The nice thing about the Nikon ARROW ID is that it proudly sports a simple and uncluttered screen. While in Nikon’s ID technology mode, the screen only displays the angle compensated yardage number. This eliminates the possibility of grabbing the wrong number during a critical moment in your bow hunting event.
It is not only waterproof, it’s fog-proof too. This makes it the perfect companion to take with you rain or shine. You won’t have to worry about any condensation seeping into the lenses to interfere with your shot because it’s nitrogen-filled and O-ring sealed.
Although the LCD screen performs great in bright light conditions, it does present challenges during low light times of day. Specifically, the downside is it doesn’t sport any internal lighting, which can make readings difficult to read. The reticle is black which makes targeting on dark backgrounds or shaded objects a challenge.
If you’re going to be doing a lot of low light hunting, you might want to think about a rangefinder with a red reticle that could be either automatically or manually adjustable to the light conditions.
Unfortunately the ARROW ID doesn’t sport any removable or foldable eye cups to protect the lenses.
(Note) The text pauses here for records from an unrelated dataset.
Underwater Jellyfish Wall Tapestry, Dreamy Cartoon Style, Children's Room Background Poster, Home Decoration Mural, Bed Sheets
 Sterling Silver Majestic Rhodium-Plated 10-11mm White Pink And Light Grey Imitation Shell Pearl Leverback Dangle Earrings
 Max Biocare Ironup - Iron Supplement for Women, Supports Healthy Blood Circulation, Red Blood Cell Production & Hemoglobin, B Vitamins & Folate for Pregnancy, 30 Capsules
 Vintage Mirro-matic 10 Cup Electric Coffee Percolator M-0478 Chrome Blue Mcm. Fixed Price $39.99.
This could make it more susceptible to damage during accidental drops and abuse.
- Spot-on 600 yard maximum range
- Tru Target Technology for various distance readings
- Waterproof/Fog-proof for rain or shine weather
- Nikon ID Technology to -/+89 degrees
- Easy and simple two button operation
- Compact and small design 4.4 x 1.5 x 2.8 in
The aim of it is, the Nikon ARROW ID 5000 is specifically designed for the bowman. If you need a true distance, you’ve got it. However, some bad buyers are reporting difficult-to-use and cheap battery compartments and/or poor LED displays. The bad rep about the ARROW 5000 is incorrect as it doesn’t have an LED display and the battery compartment is large and easy to use. However, it does have an LCD display that’s difficult to read in low light conditions, though, this is true of all LCD displays on optics.
Nikon has dabbled with LED backlights, like on their archived Archer’s Choice rangefinder that is the predecessor to the Arrow ID. However, they don’t really make any rangefinders with the LED display. You might want to check out the new to 2016/2017 ARROW ID 3000 for an even better price.
An excellent alternative to the Nikon rangefinder for the bowman is Bushnell’s The Truth with ClearShot technology (which you can click through to check out here). It’s cheaper and you’ll be titillated with the instant shot clearance feedback!
Nikon has pleased their customers for eons. They know what they’re doing when it comes to packing in features for the best price out there. Why go anywhere else? Nock that arrow and prove Nikon right!